There's a myth that cardio— in any way or form— is destructive for muscle-building. For this reason, some bodybuilders prefer to walk on an inclined treadmill rather than increasing their pace. On the other hand, those who want to lose weight (like me), tend to resort to slow and long jogs. Whatever your fitness goal is, high-intensity interval training might be the way to go. Recent research found that when you throw high-intensity workouts into the mix, physiological adaptations are greater. It turns out that aerobic exercises and muscle-building are very far from being incompatible, and that high-intense interval training (HIIT) helps you build more muscle and lose more fat.
But what exactly is high-intensity interval training?

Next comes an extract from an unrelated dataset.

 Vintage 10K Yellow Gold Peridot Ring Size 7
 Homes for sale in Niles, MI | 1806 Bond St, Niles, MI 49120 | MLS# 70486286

PumpUp has covered its principles before, but in essence, HIIT is can be described as “short, high-intensity bouts of exercise followed by a short period of rest or low-intensity activity”. Believe it or not, you can make a fine workout for yourself in 4 minutes. It works because you’re able to incorporate lots of short vigorous exercises into your routine, all of which would be impossible to sustain for long periods of time if each individual exercise were to be performed on its own.
Research has suggested that the higher the intensity and shorter the duration of work and the rest period, the better.
HIIT and running are best friends
As far as running goes, higher intensity translates into a faster pace. You won't be able to maintain a fast pace for long because you’re gasping for air. This means you are near your maximum oxygen uptake and heart rate. If you're alarmed about higher intensity running workouts, check out the curative powers of HIIT: one study demonstrated that HIIT can play a role in preventing heart diseases.
Intense running workouts can improve your strength, muscle growth, metabolism (even after your workout), and build the endurance. But there are different forms of high intensity running workouts that can give you more results for less. Here’s how can you introduce High-Intensity Interval Training (HIIT) into running with huge results, starting with moderate-intensity Fartlek and Tempo runs, and ending in style with the full-fledged high-intensity Interval Training, “All-out” Sprint-Interval Training and 400-meter sprints used by bodybuilders.
Swedish “Fartlek” or speed-play, is a training method that became popular in the 1940s. Swedish runners almost broke the 4-minute mile record. It consists of randomly selecting visual landmarks that you accelerate to— the next tree or a house, for example— followed by a recovery period. You can do it alone or in a group, with each person taking turns to choose the landmark and the pace.
It’s a great way to get back in shape and test your limits, while having some fun.
Tempo runs consist of continuous high-intensity sprints that last for 20 to 40 minutes or over a predetermined length. Professional runners use “tempos” to build endurance and to mimic a slightly more rapid pace but close enough to their competition pace - a “comfortably fast” pace. Sprinkling a “tempo” in your workout develops your aerobic system, stamina and efficiency.
To prepare you for faster paces of serious HIIT (as you’ll see next), you can throw a “short” burst of super-maximal intensity, every 5 minutes.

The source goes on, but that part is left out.